前回の翁長知事死去に関する記事でも触れたが、私が注目している選挙の争点はやはり辺野古基地問題だ。
私が沖縄の基地問題に関心を寄せるのは、私自身が神奈川で在日米軍の近くで育ったからだ。
多くの日本人にとって、基地問題は「沖縄固有の問題」だろう。
だが、実際には沖縄以外にも米軍基地は存在する。
米軍基地が最も集中しているのは沖縄で、在日米軍基地面積の70.38%を占めている。

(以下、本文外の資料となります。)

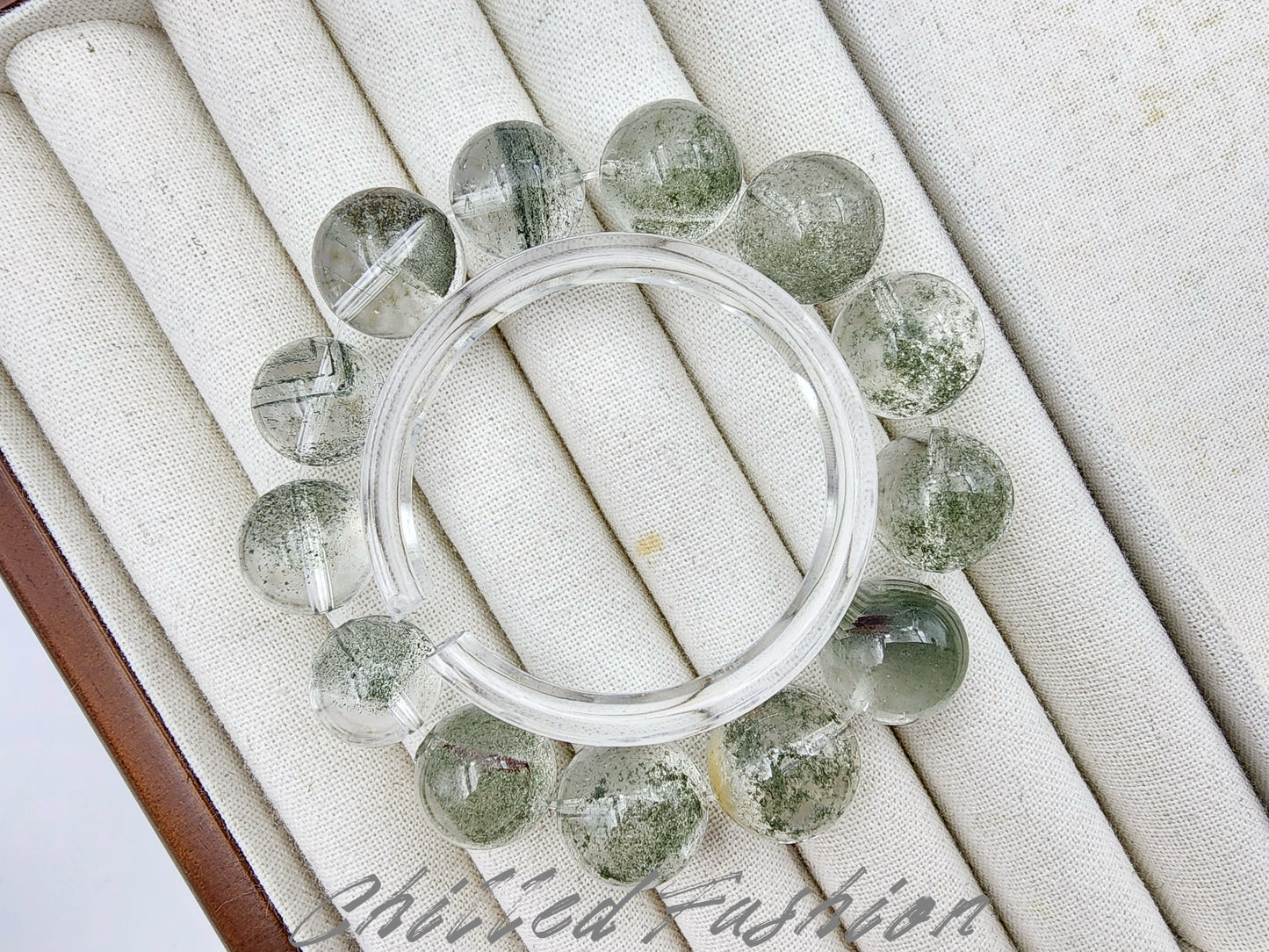 [Bracelet] Starry Green Phantom Quartz Bracelet - 13.4mm to 16.1mm Beads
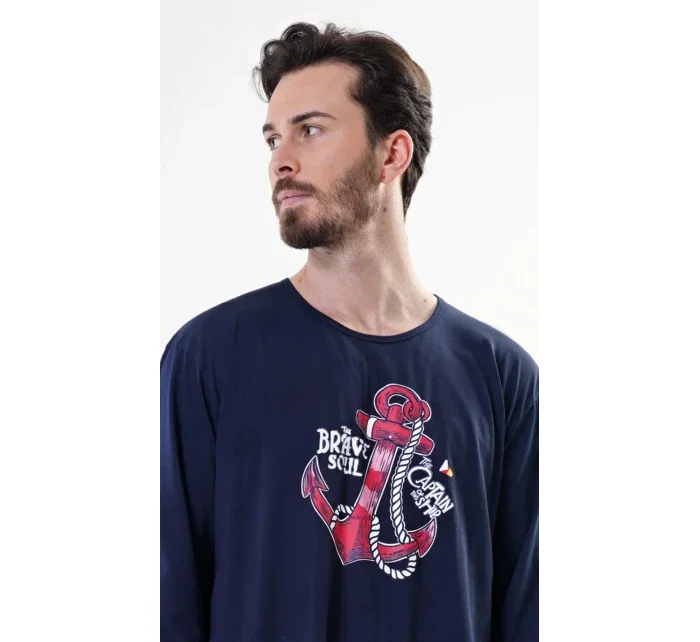 Pánská noční košile s dlouhým rukávem model 17843935 - Vienetta MAN Pánská noční košile s dlouhým rukávem model 17843935 - Vienetta MAN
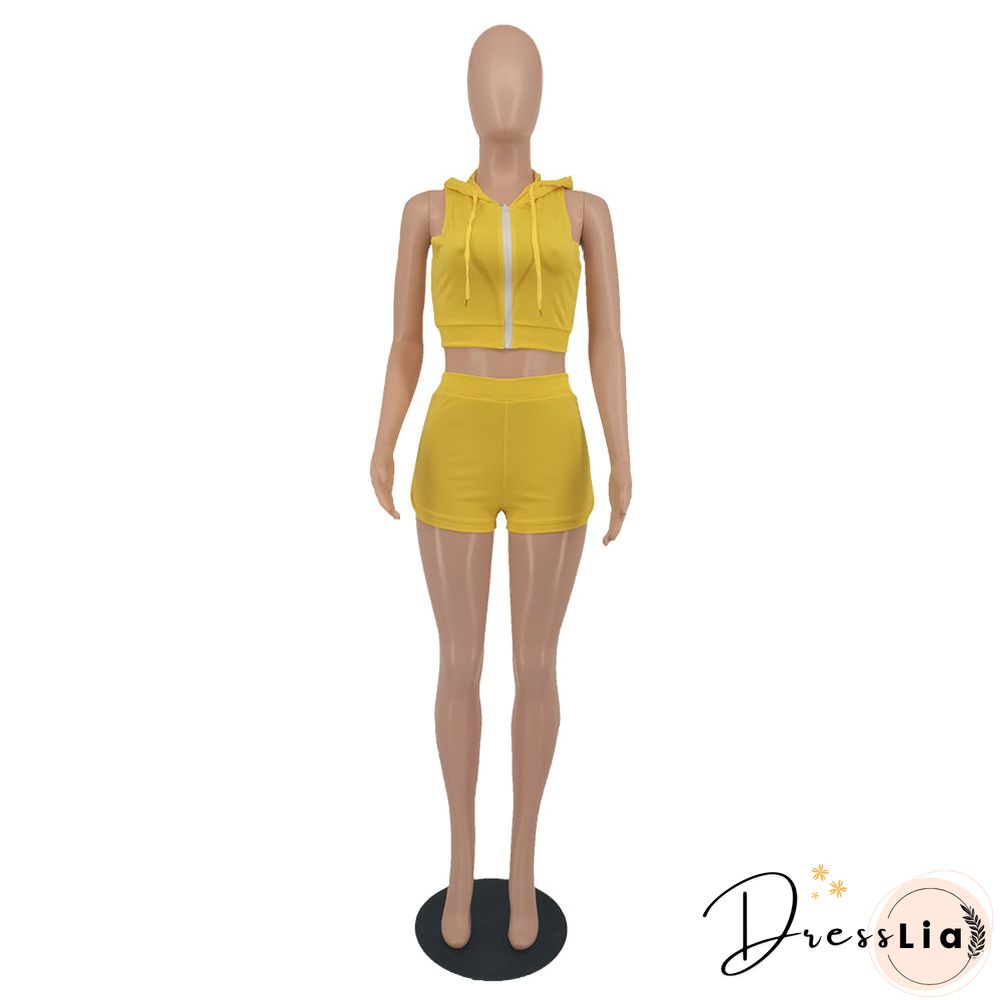 Casual Hooded Zipper Tops Biker Shorts Tracksuits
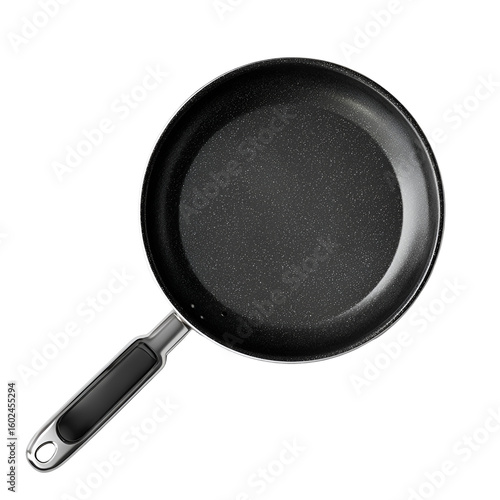 Realistic Frying Pan with Handle and Shadow Isolated on White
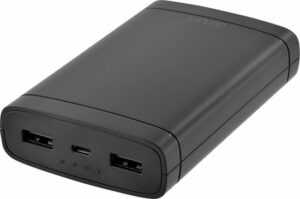 Azuri powerbank met 2 USB poorten - 10.000 mAh - Zwart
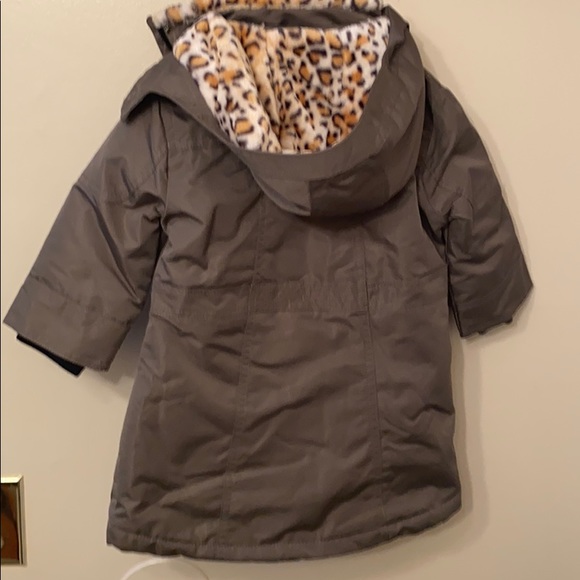 New Urban Republic Girls Olive & soft Leopard coat - Picture 10 of 10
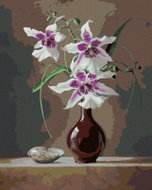 Zuty - Painting by Numbers - Still Life Orchid In Red Vase And Shells (Pieter Wagemans), 40X50 Cm, P - Painting by Numbers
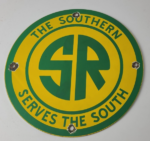 Vintage Southern Railway Sign – Train Rail Porcelain Ticket Station Gas Sign - Image 12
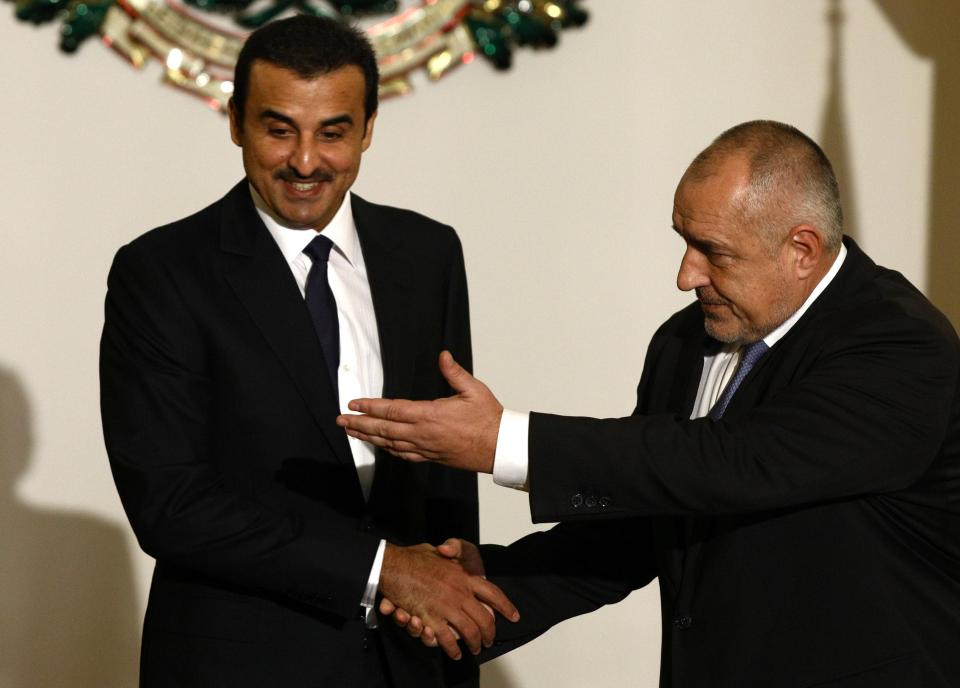  Emir of Qatar Tamim bin Hamad Al Thani, left, with Bulgaria PM Boyko Borissov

次に集中しているのは青森県で8.98%、そして神奈川県の5.58%である。
基地の近くで育つというのは、それだけでも考え方や生き方に影響を及ぼす。
翁長氏により「後継者」として指名され、今回の知事選に出馬する玉城デニー氏のインタビュー記事でも、米軍人の父親のことや、基地近くでの生い立ちについて語られている。
こうした「基地」との関わりの深い生い立ちも、玉城デニー氏が政治の道に進むきっかけとなったのではないだろうか。
翁長後継・玉城デニー独占インタビュー 「僕の名前が出たんだと思うと、この上なく光栄」
私は今、アメリカの大学院に通い、仕事をし、家族を持っている。
国防総省があるエリアに住んでいることもあり、同僚には元軍人もいるし、知人、友人、クラスメイトにも軍関係者はいる。
日本でもアメリカでも「なんでアメリカに?」と聞かれる。
研究環境と言うのは大きな理由だが、アメリカに行きたいと思った本当のきっかけは、きっと子どもの頃からアメリカに抱いていた漠然とした憧れだと思う。
基地周辺住民の持つ米軍に対する憧れ
私にとって米軍基地や米軍関係者というのは子どもの頃から身近な存在だった。
基地が近くにあったから、知人にも親族にも米軍関係者はいた。
日本人の父親とフィリピン人の母親を持ち、お母さんの再婚相手は米軍人で、基地内に住んでいる友達もいた。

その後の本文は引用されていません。